##### Listed records #####

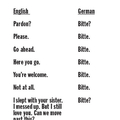 German is so easy to lern..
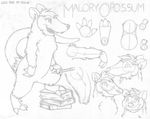  book expressions featureless_crotch female greyscale malory_opossum mammal marsupial mizzyam model_sheet monochrome open_mouth opossum pencil pencil_(artwork) semi-anthro sharp_teeth step_pose teeth traditional_media_(artwork) 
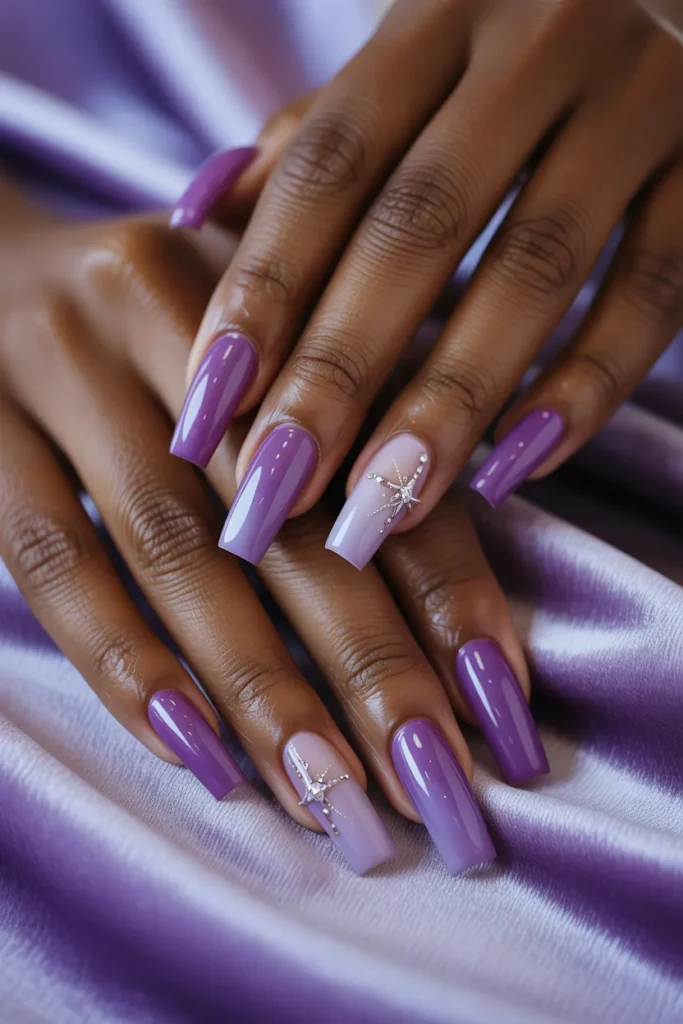 5. Purple Spring Nails Acrylic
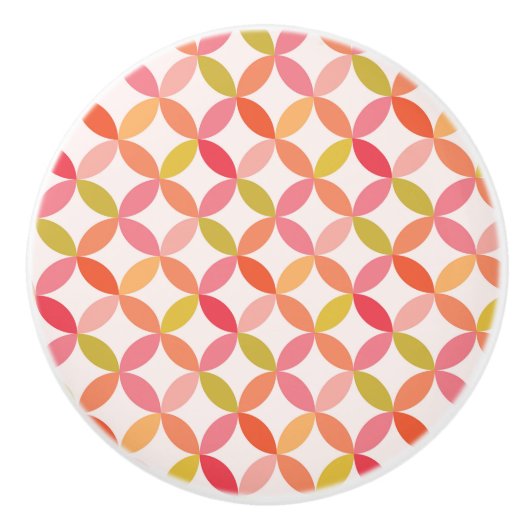 Midden-eeuwse moderne roze rode sinaasappel cirkel keramische knop (Voorkant)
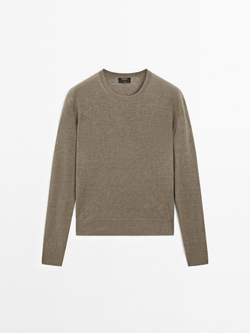 Massimo Dutti Свитер из тонкой 100% льняной ткани, зеленоватый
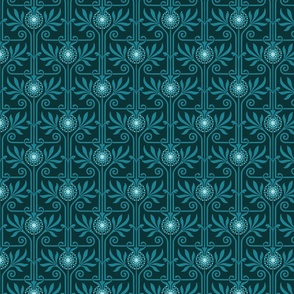elegant geometric art deco floral blue on moody green | small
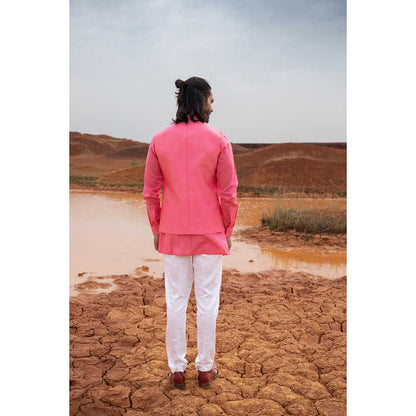 Runit Gupta Fuchsia Fort Bundi Jacket with Kurta and Pant (Set of 3)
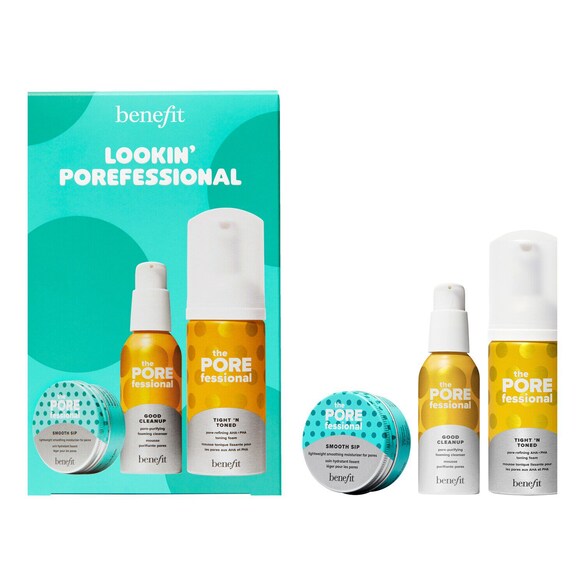 Lookin’ POREfessional - zestaw do pielęgnacji z mini pianką, tonikiem i kremem, BENEFIT COSMETICS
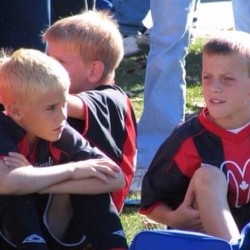 justinbieber:  Throwback with me and @ryanbutler lol I thought I was eminem died my hair blonde every summer
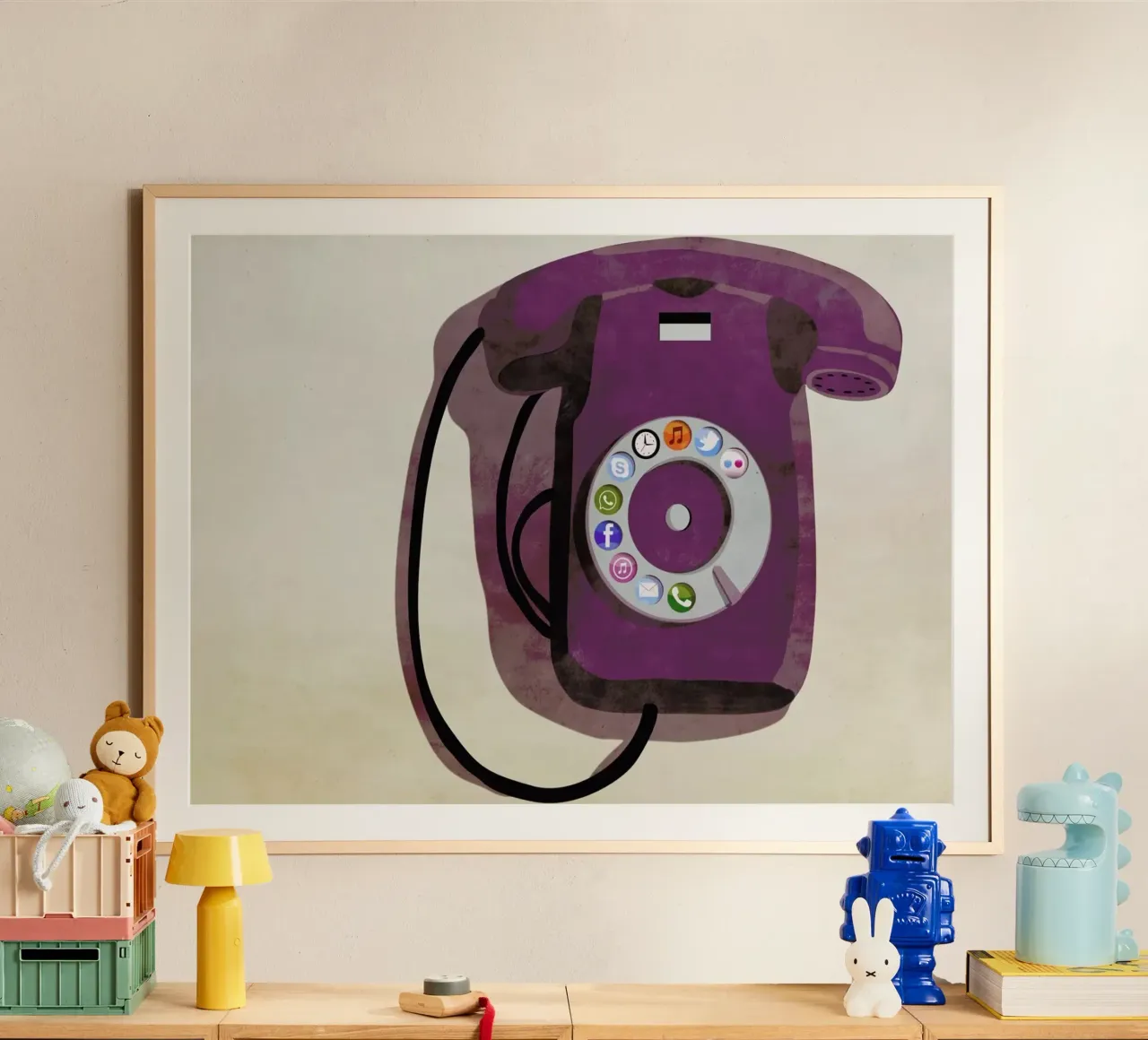 Steampunk iPhone poster con telaio in legno da Giordano Poloni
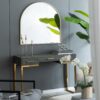 Arched Decorative Accent Mirror With Iron Frame, Wall Deor For Bathroom, Bedroom, Entryway, Mantel - Gold - Image 5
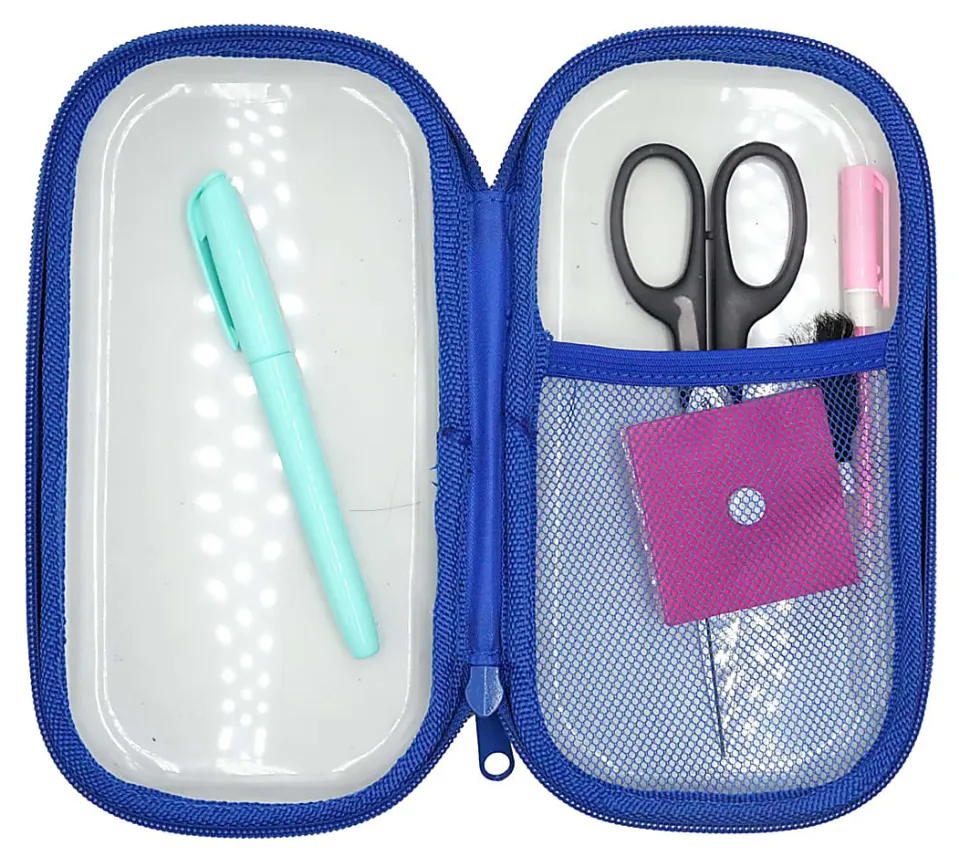 Office Depot® Brand Small Clear Pencil Case With Trim, 8-1/4" x 4-3/8", Blue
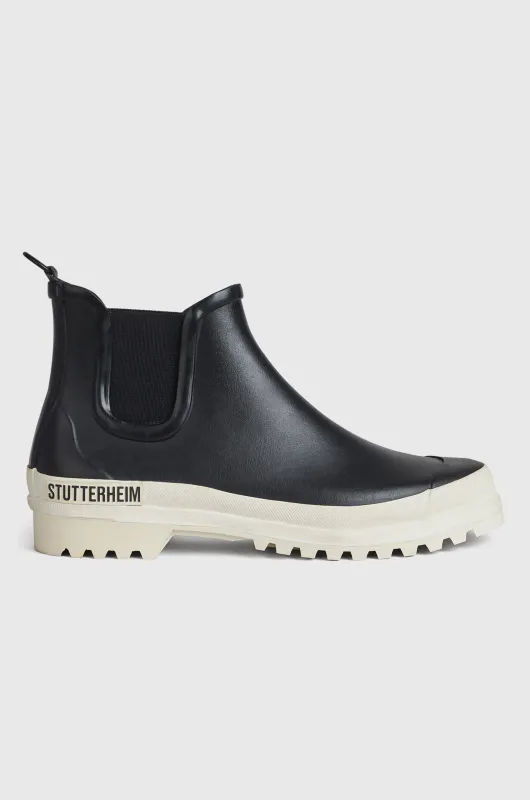 Stutterheim Chelsea Rainwalker lav svart/hvit gummistøvel unisex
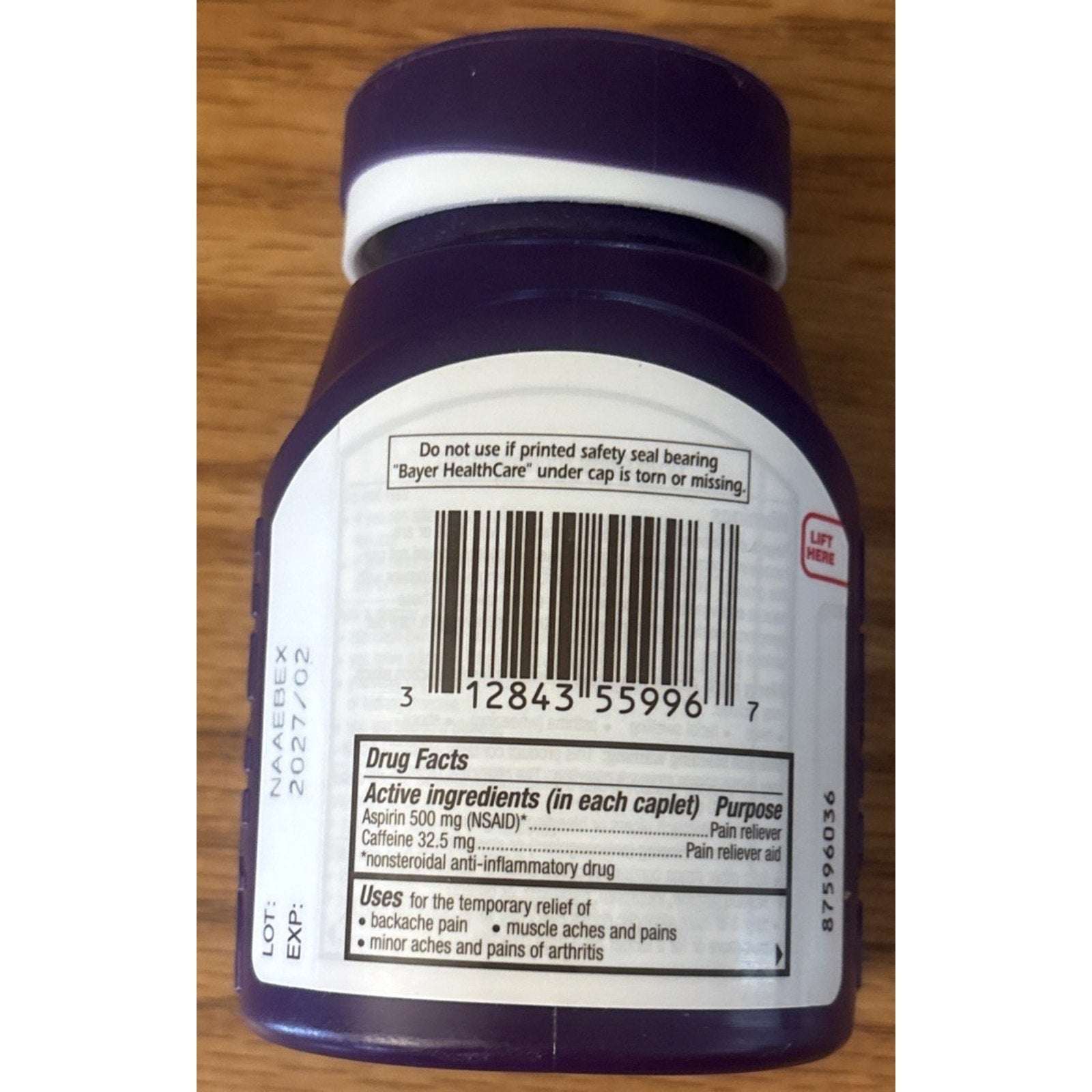 BAYER Back & Body Aspirin Pain Reliever Fast Relief 500 mg 200 Coated Caplets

#####

In the records above, find the line with "Massimo Dutti Свитер" and the line with "Arched Decorative Accent". Write out exactly those lines and every one between, with no pictures and no other lines.

 Massimo Dutti Свитер из тонкой 100% льняной ткани, зеленоватый
elegant geometric art deco floral blue on moody green | small
 Runit Gupta Fuchsia Fort Bundi Jacket with Kurta and Pant (Set of 3)
 Lookin’ POREfessional - zestaw do pielęgnacji z mini pianką, tonikiem i kremem, BENEFIT COSMETICS
 justinbieber:  Throwback with me and @ryanbutler lol I thought I was eminem died my hair blonde every summer
 Steampunk iPhone poster con telaio in legno da Giordano Poloni
 Arched Decorative Accent Mirror With Iron Frame, Wall Deor For Bathroom, Bedroom, Entryway, Mantel - Gold - Image 5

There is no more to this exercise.